Yine 2019 yılında AR-GE merkezimiz Tübitak 2244 projesi ile üniversite-sanayi iş birliği ile Türkiye’deki akademik bilginin sanayi ile entegre olmasında önemli bir adım attı. Zade Vital’de bu yıl araştırma ve geliştirme anlamında pek çok yeniliği yaşadığımız bir dönem içerisindeyiz.
Bu yılın ilk çeyreğinde uzmanlığımızla tablet formülasyon, üretim ve projelerine yoğunlaştırdık. Böylelikle yeni bir alana giriş yapmış olduk. Yumuşak jelatin kapsül teknolojisinde uzun salınımlı ürün formülasyonları geliştirmeyi planladık. Bu yeni girişimimizle kategorimizi geliştirmek için çalışmalarımızı sürdüreceğiz.
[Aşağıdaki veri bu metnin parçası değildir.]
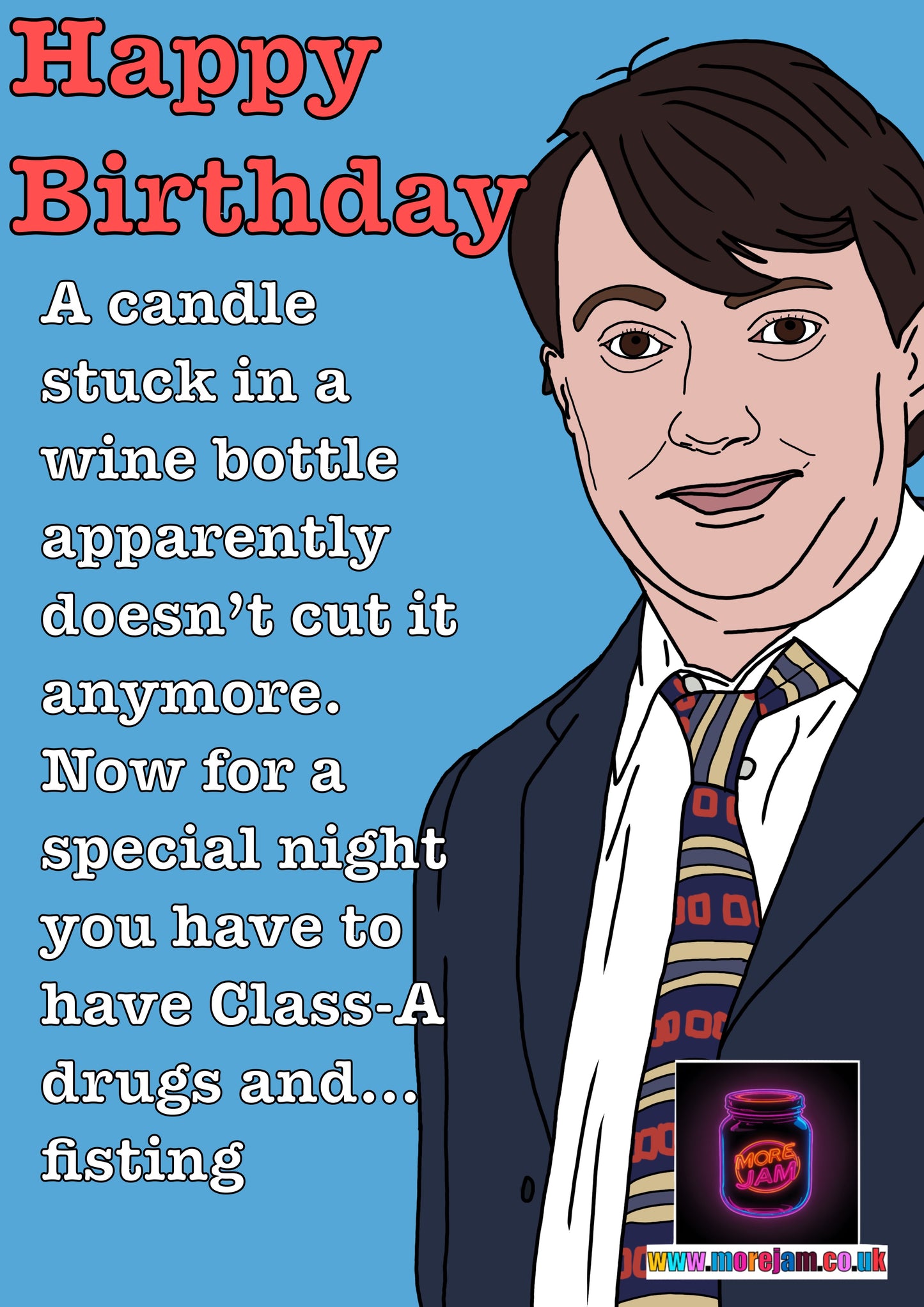 A Candle Stuck In A Wine Bottle | Peep Show Funny Birthday Card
Zade Vital’de bu yıl ürün geliştirme anlamında pek çok yeniliği yaşadığımız bir dönem içerisindeyiz. Bu yılın ilk çeyreğinde uzmanlığımızla tablet üretimine yoğunlaştırarak yeni bir kategoriye giriş yaptık. Bu yeni girişimimizle kategorimizi geliştirmek için çalışmalarımızı sürdüreceğiz.
AR-GE çalışmalarınız sizi sektördeki diğer şirketlerden nasıl ayırıyor?
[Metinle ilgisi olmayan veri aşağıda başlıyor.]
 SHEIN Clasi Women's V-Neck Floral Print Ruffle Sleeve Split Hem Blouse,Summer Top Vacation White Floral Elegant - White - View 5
Helvacızade Grubu sanayileşmeye başladığı ilk günden itibaren vizyonunu AR-GE, teknoloji ve inovasyon ışığında şekillendirdi. Grup olarak bulunduğumuz alanlarda önceliğimiz her daim insan sağlığını ön planımıza alarak hijyenik ve kaliteli üretime destek vermek. Küresel ölçekte katma değerli ürünler üreterek ülkemize olan sorumluluğumuzu yerine getirmeyi önemsiyoruz.
Bilimin öncülüğünde teknolojiyi yanımıza alarak AR-GE labaratuvarlarımızda üniversite ve sanayi işbirliklerinin yaygınlaşması için yenilikçi bilim alanları oluşturarak sektörümüzde örnek teşkil ediyoruz. Helvacızade Grubu, her girişiminde Türkiye’deki üniversiteler ve akademisyenlerle beraber büyüyerek var oldu. Geleceğimizin güvencesi bilimin ışığında ilerleyen bu alana kendini adayan genç akademisyenlerimizde.